Doug Ford thinks about Toronto a lot and the rest of the province should start wondering if he’d rather be the mayor of Toronto than their premier.
In an August 3 column in the Ottawa Citizen, David Reevely wrote that Ontario was literally on fire, with tens of thousands of hectares of the province burning, but the Ford government had turned all attention to Toronto. It’s attention few of us wanted and, like Garbo’s oft-quoted declaration, we would rather not receive it.
While Keesmaat’s partisan critics have suggested her tweet was a sign of recklessness, there’s long been a slow simmering and sporadic movement to turn Toronto into what would be the fifth most populous province. Even former mayor Mel Lastman publicly considered it. John Tory was a member of Lastman’s backroom “kitchen cabinet” advisory group, so the notion of a province of Ontario is hardly radical or new.
It is, however, unlikely. It’s most often used as a bargaining position in the perpetual quest to give Toronto more control over its own affairs and a sign of the frustration of having those affairs often meddled with. I have to continually remind myself that halfway through a democratic election the rules and playing field of that election were arbitrarily and dramatically changed. In 2018. In Canada, a “bastion” of democracy. Even if you think cutting the size of council is good, tampering with an ongoing election is a shocking precedent we shouldn’t forget.
“Secession” is an old sounding word. That it sounds like something you might hear in a historic political drama is apt because the relationship between cities and provinces was forged at Confederation. In 1867, 80 per cent of Canadians lived in rural settings. With just 3.3 million people in the country at the time, cities were small, few and not terribly important to the new nation as a whole. Putting them under provincial control made sense.
Today Canadian cities are still relatively few in number but over 80 per cent of us now live in them and they’ve become important economic drivers of provincial and national economies and have developed distinct social and political cultures of their own. Yet they remain vulnerable to the kind of chaos-making attack Toronto received from the province, all without any consultation with residents.
Ford is a Torontonian himself, so secession won’t magically remove him or his existing supporters from Toronto, but if he had been elected mayor, a job he reminds us daily he wishes he had, he couldn’t do what he’s done as premier. Even the change from 44 to 47 councillors and reshaping ward boundaries, thrown out with the passage of Bill 5, was a years-long process and involved much citizen consultation.
Warren Magnusson, a political theorist at the University of Victoria, has written extensively on the importance of local government and that the notion of cities as “creatures of the province” is a 19th-century concept. As an example, he says with a traditional view of Ontario’s provincial powers it could abolish Toronto if it saw fit. While provincial sovereignty was paramount at Confederation, he argues democracy has become the organizing principal of constitutional interpretation and that local democracy and municipalities have evolved to become incredibly important institutions.
This is what makes the court challenge Toronto city council agreed to undertake this week so interesting, as the Constitution is, as Magnussen contends, a living document and interpretation of it evolves.

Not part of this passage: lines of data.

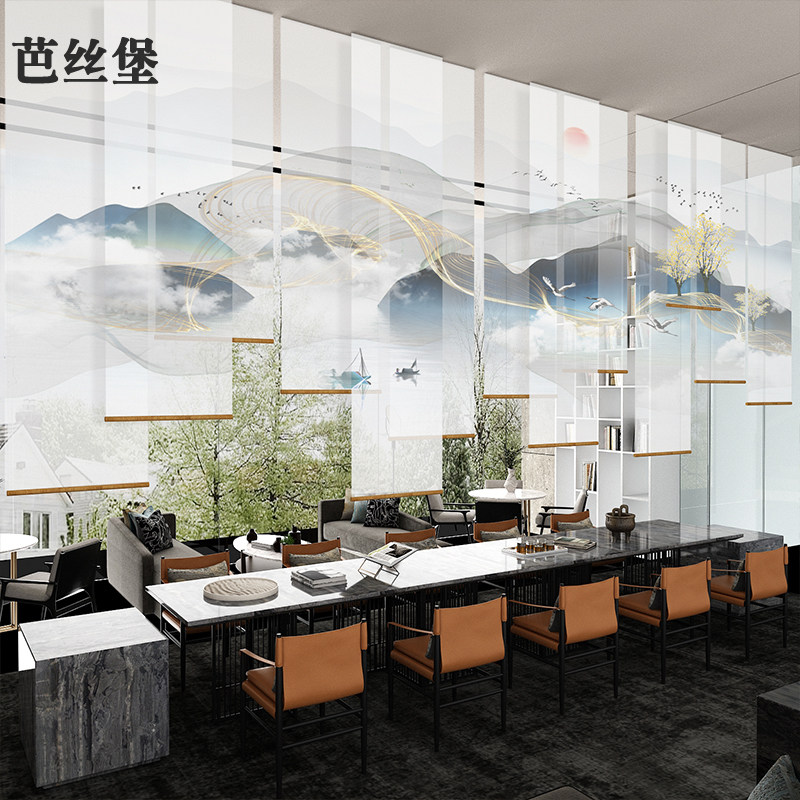 新中式帘子软屏风悬挂式抽象山水窗画布窗帘卷帘办公室大厅装饰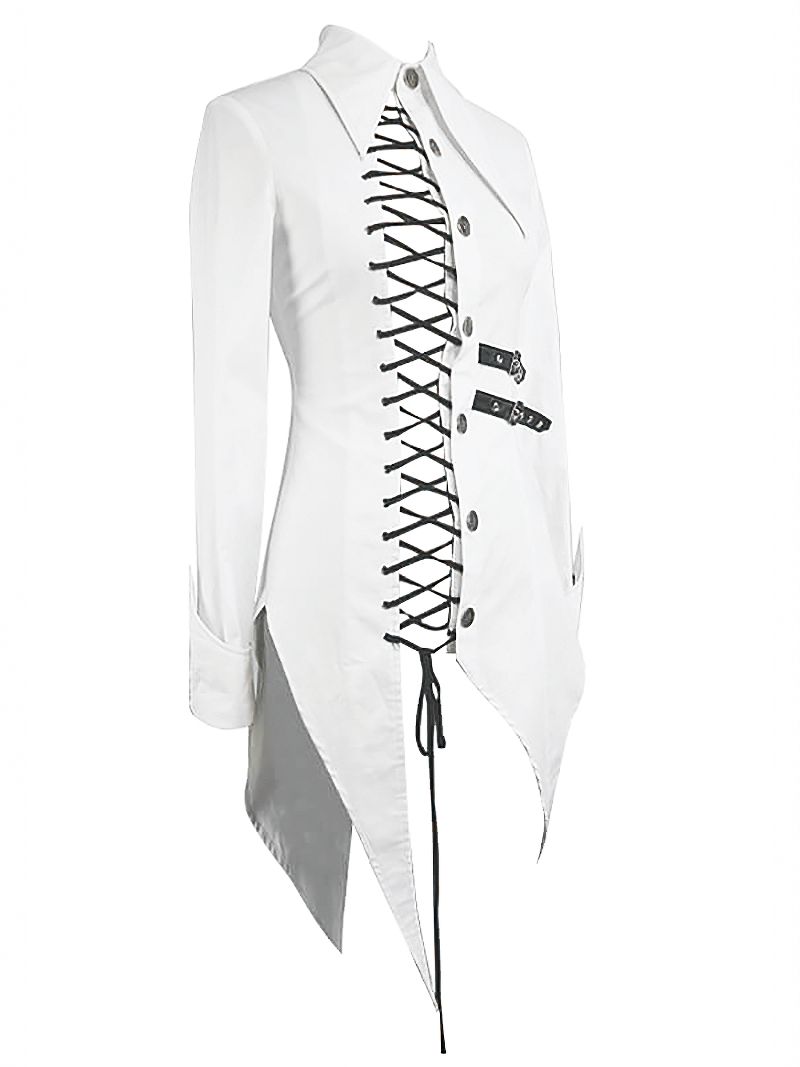 Stylish women's white gothic irregular blouse with lace-up accents and buckle belt, perfect for punk fashion.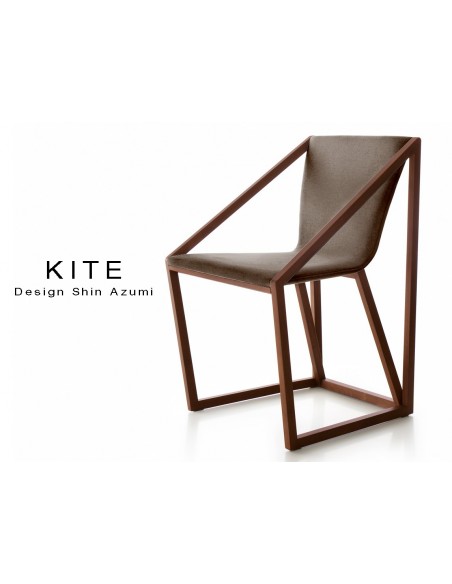 Lot de 8 fauteuils KITE, structure finition acajou, tissu couleur marron.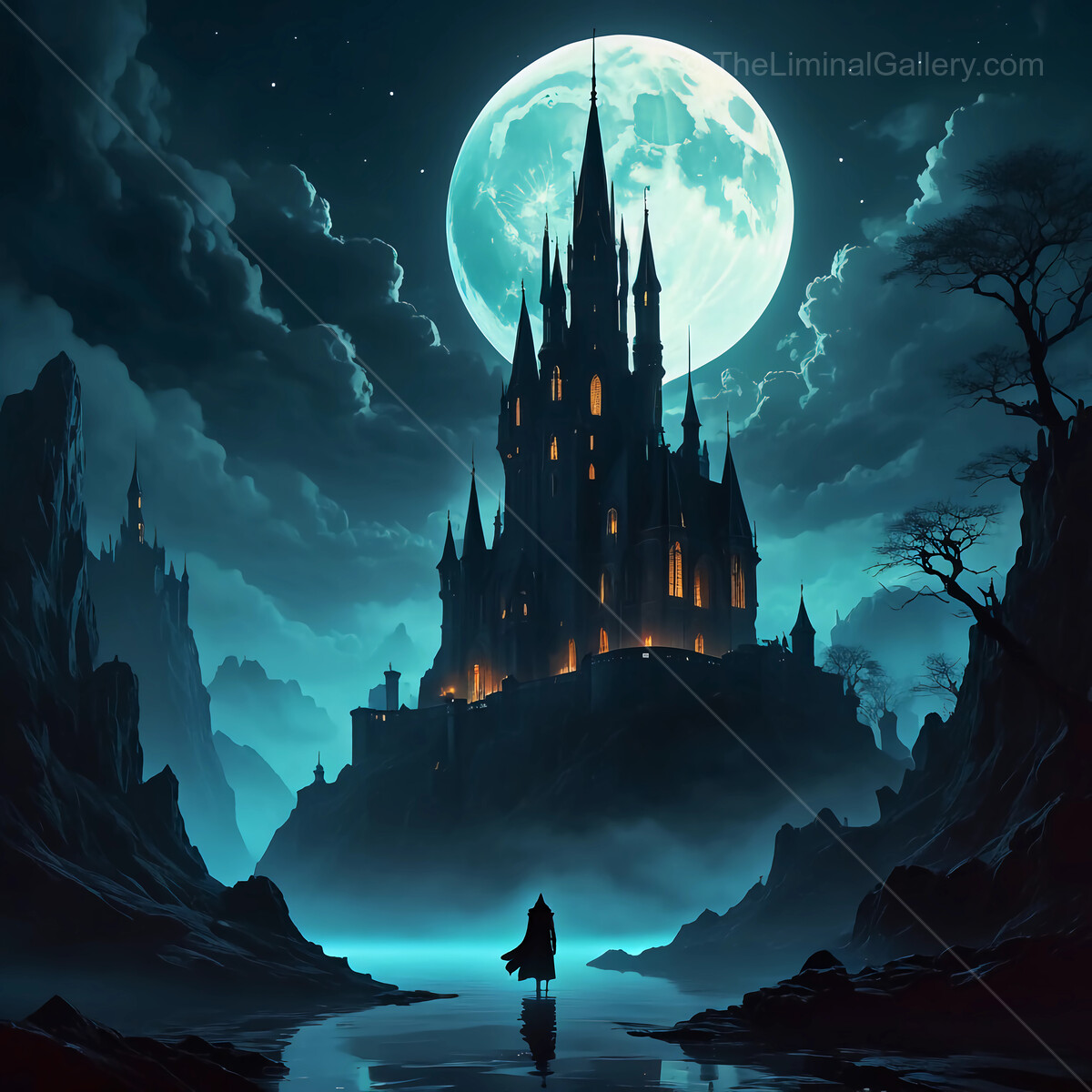 Mystical castle under a radiant moonlight by the serene lake at night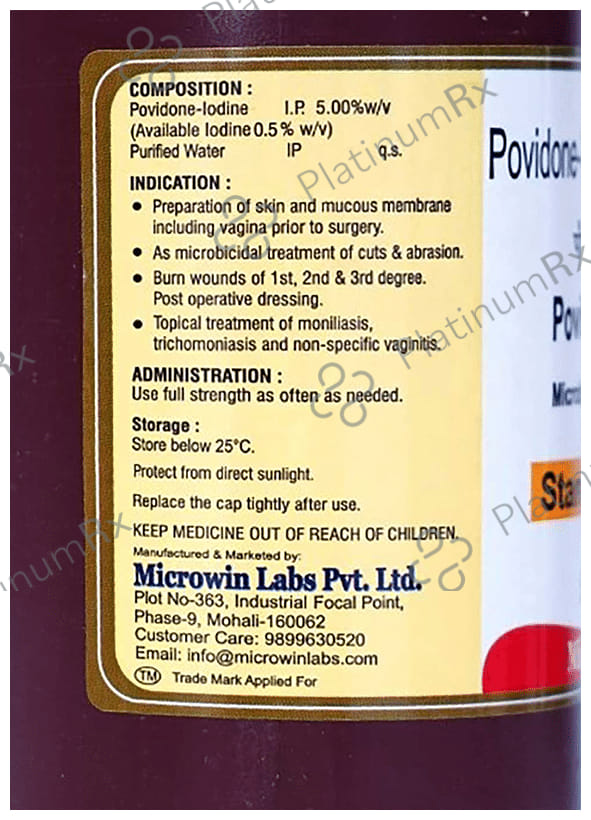 Microwin Povishield 5% Microbicidal Solution Standardised 500 Solution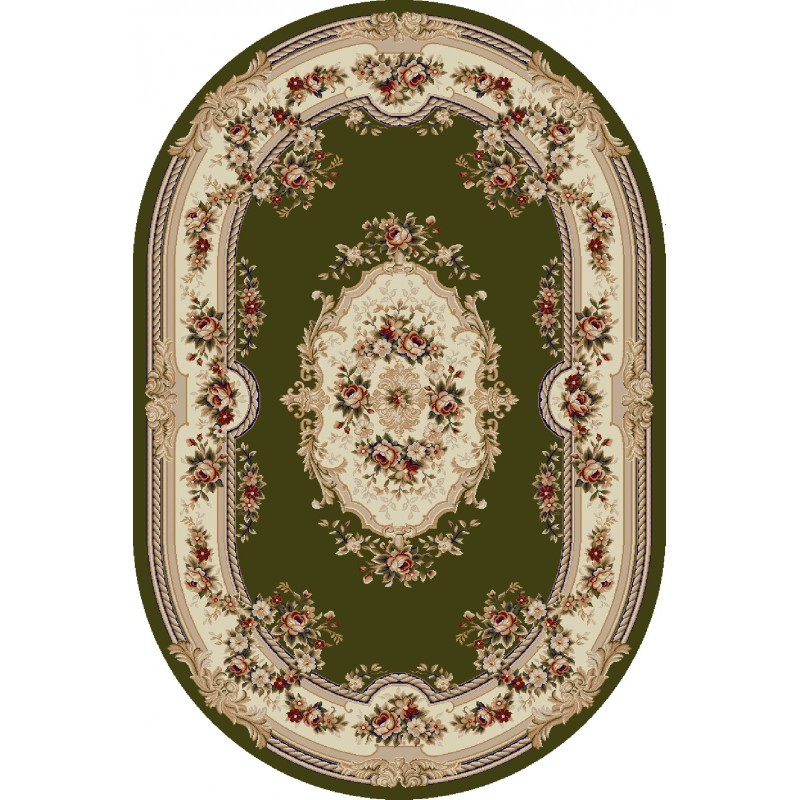 Covor Oval, 60 x 110 cm, Crem / Verde, Lotos 575-310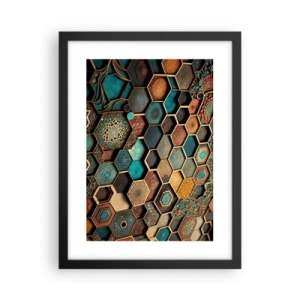 Plakat w czarnej ramie - Arabskie ornamenty – wariacja - 30x40 cm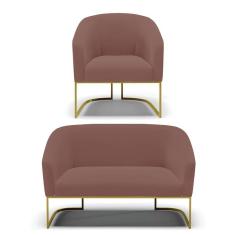 Sofá Namoradeira E Poltrona Base Industrial Dourado Stella Veludo Rosê D03 - D'rossi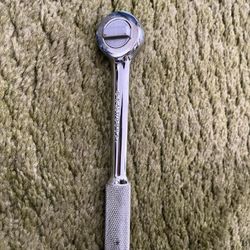 Hand Ratchet, 7 1/4 in, Chrome, 3/8 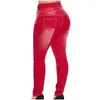 Jeans pour femmes taille haute crayon maigre grande taille boutonné pantalon en jean femmes rouge pantalons longs maman printemps Style coréen Stretch moulante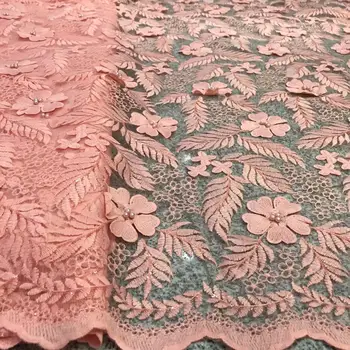 

pink African Lace Fabric 2020 High Quality Lace with Beaded Lace Fabric,Nigerian Lace Fabrics for wedding French Tulle Lace FY11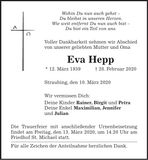 Traueranzeige Eva Hepp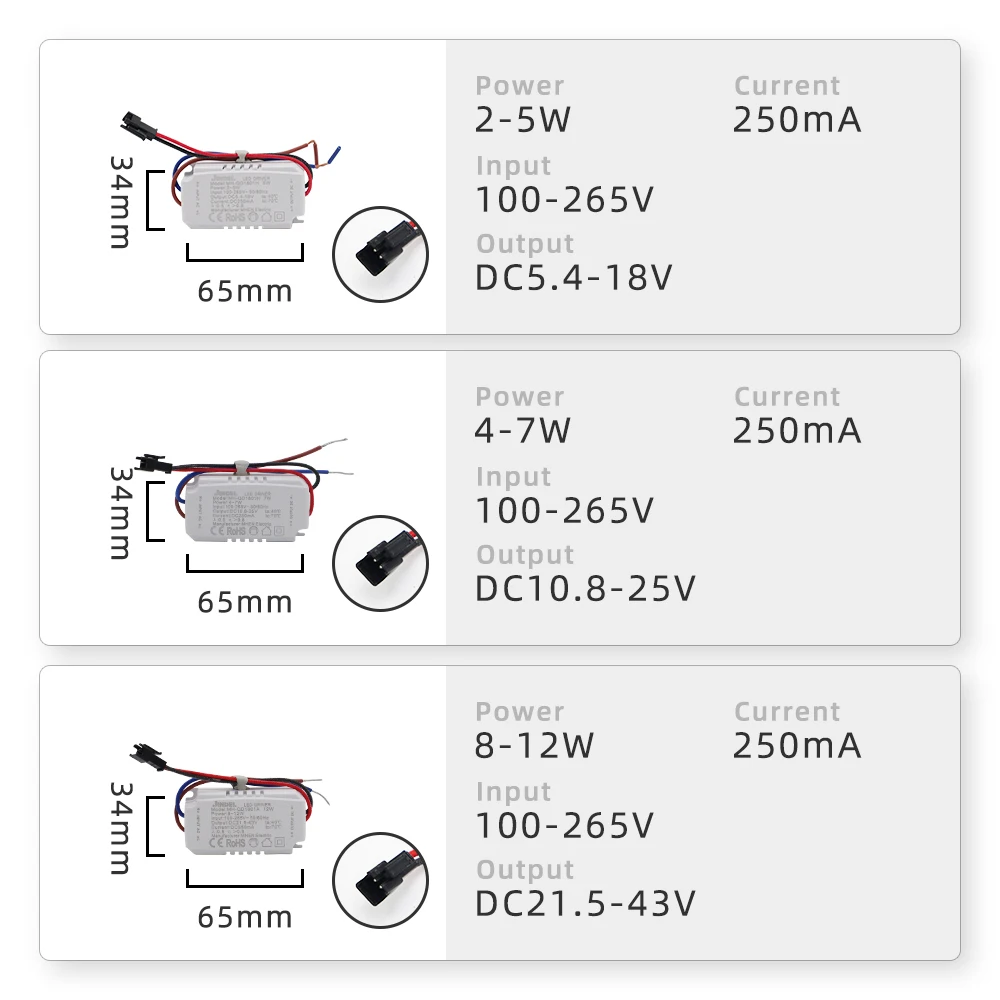 AC100-265V Constant Current LED Driver DC5.4-360V LED Driver 250mA Constant Current Power Supply 2-5W 4-7W 8-12W 13-18W 80-100W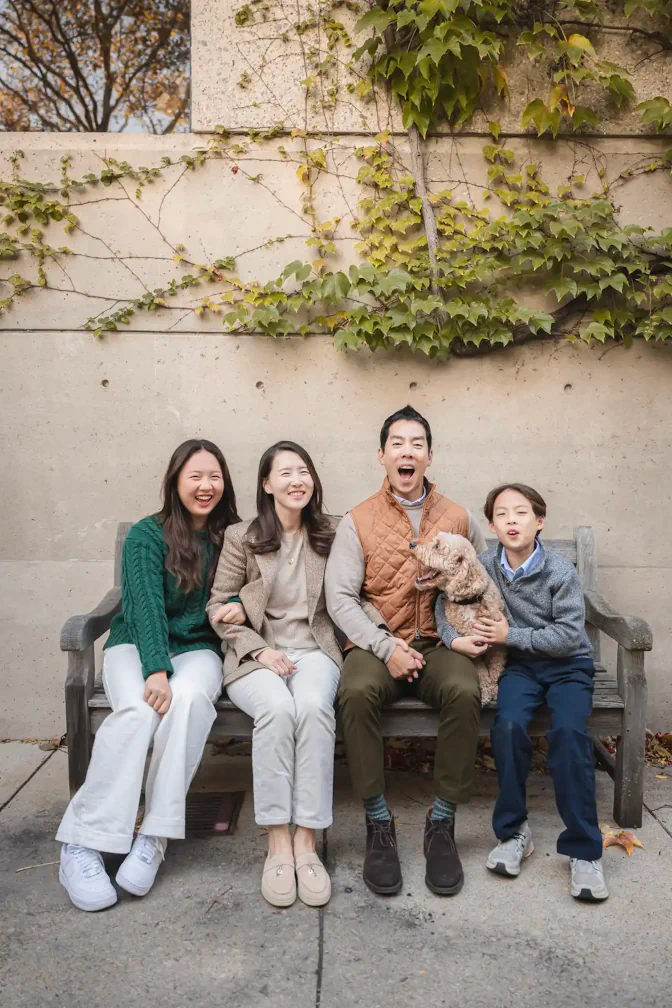 Dr. Shawn Kim, dentist in Boston, MA at Ace Dental Boston with his family
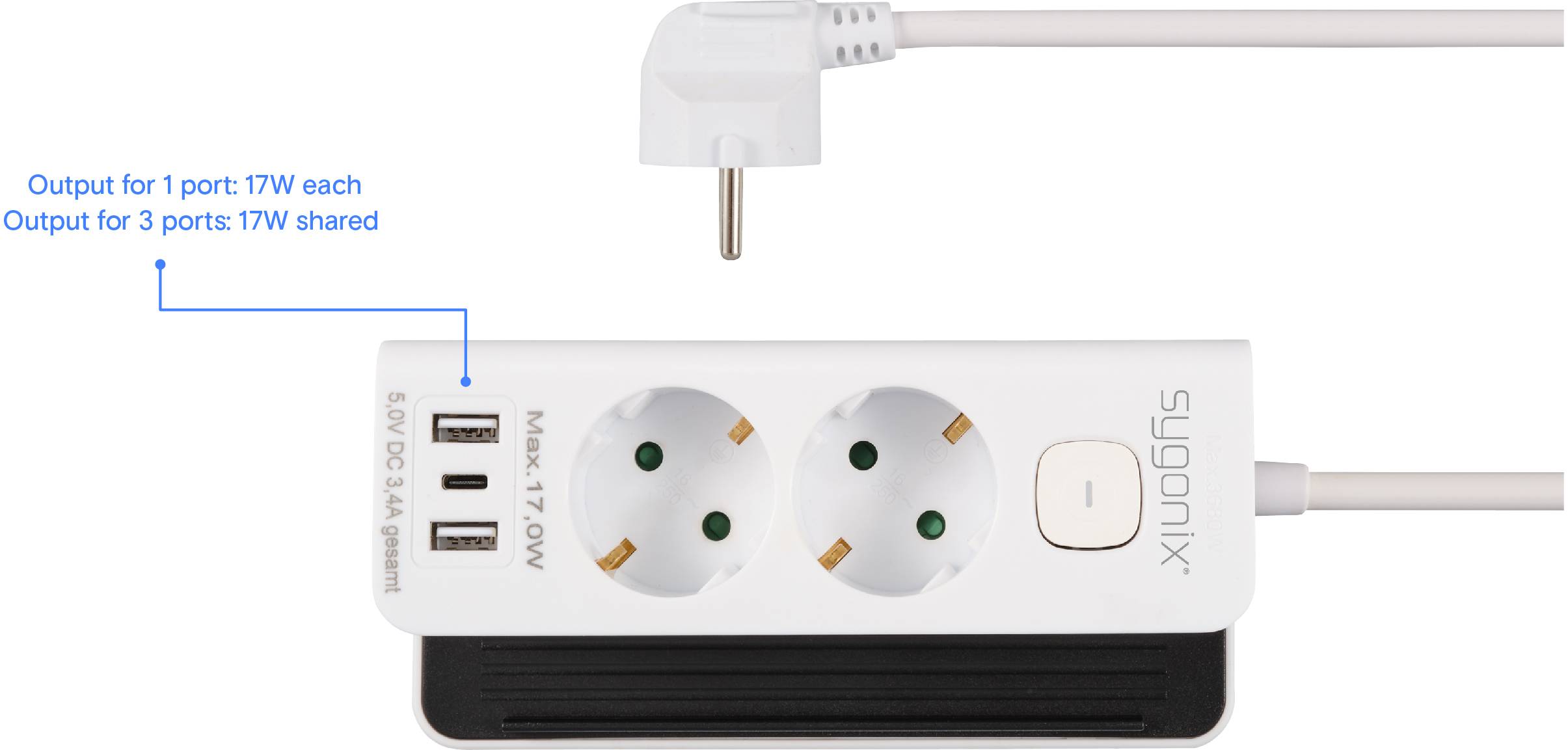Witte stekkerdoos met twee stopcontacten en drie USB-poorten. Opschrift vermeldt: 'Uitvoer voor 1 poort: 17W, voor 3 poorten: 17W gedeeld'.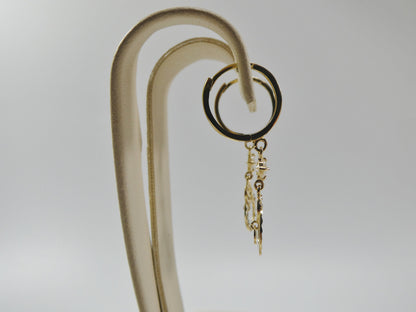 10k Real Solid Yellow Gold Circle Drop Huggie Earrings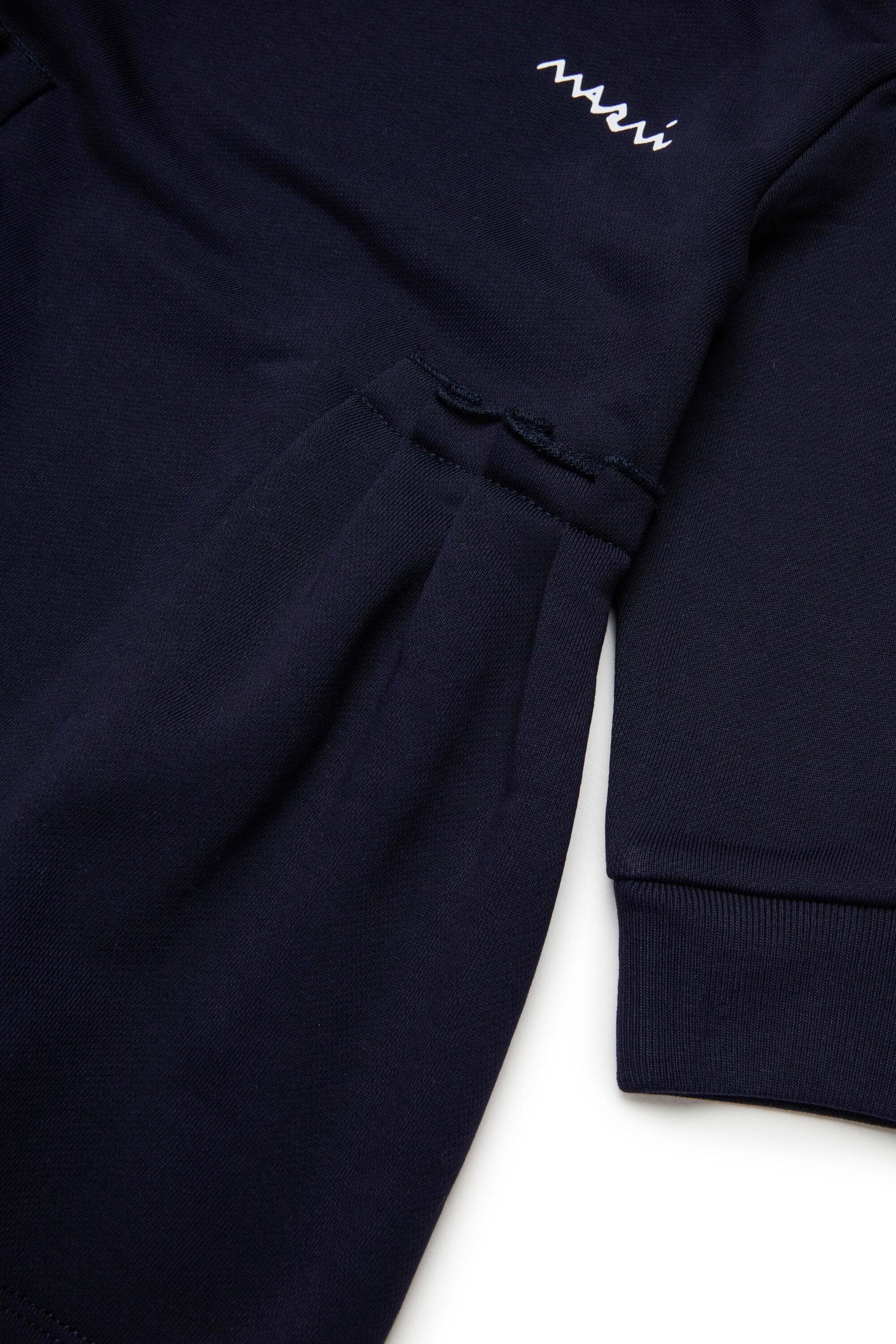 フラウンス付きフリース・ミディ・ドレス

Regardless of what happens, and whether or not local government needs reform, it’s time for Canada to re-evaluate how all its municipalities exist constitutionally. I think many Torontonians share my view that I don’t want to secede from Ontario — I like being part of this province, contributing to it and benefiting from it — but I want respect and more autonomy for Toronto and all local municipal governments. A “semi-Garbo” relationship, if I may.
We need a Meech Lake-style constitutional renegotiation, but for cities. It’s not 1867 anymore.